Easily identifiable due to the centrality of their location and large scale, institutional names boldly written in distinctive fonts ranging from the acutely contemporary through to ‘nostalgic typographies’ from the 30s, 40s, or any other era up to the 80s. The signage is still there, just above the entrance and front doors that remain open or firmly closed.
During the period of ‘actual existing socialism’ these state-funded institutions were designed to centralise cultural and informal educational activities within a socio-geographic area. Consequently, they enabled regional authorities to both survey the leisure time of the population along with providing a foundation for the production of the ‘new’ multidimensional socialist subject within a collective context.
Their ubiquitous presence has been (re)perceived for a while. Immediately after 1990 they were seen as either a nuisance or a historic reminder that needed to be turned into an absence, a void: the epic but invisible institution.
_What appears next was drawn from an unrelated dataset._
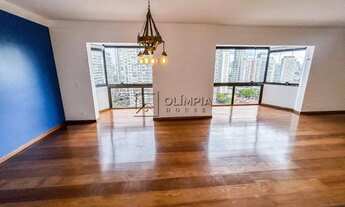 Imagem 3: Venda Apartamento 3 Dormitórios - 228 m² Brooklin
The article makes a case for why they deserve another chance in a punctual and specific re-evaluation that ultimately desires to insert a number of critical points for a possible re-imagination of these models of organization in which both stable and transitory communities collectively produce what we may call culture. It provides an extended timeline/lineage that opposes one-dimensional readings of the institutions as objects of communist propaganda. It argues that the ways in which they were planned during 1955-1989 counteracts contemporary monetarist visions towards the role of such cultural institutions. Ultimately, cultural houses were part of a national plan that considered culture as central to the ‘common good’ rather than a laissez-faire approach that places economic efficiency above all else. An open and flexible institutional format that could accommodate known or unknown actions has largely been replaced by a much narrower vision of what can be officially scheduled by cultural managers and governing authorities. Paradoxically more contemporary versions of cultural houses and hearths are often far more restrictive that their early predecessors.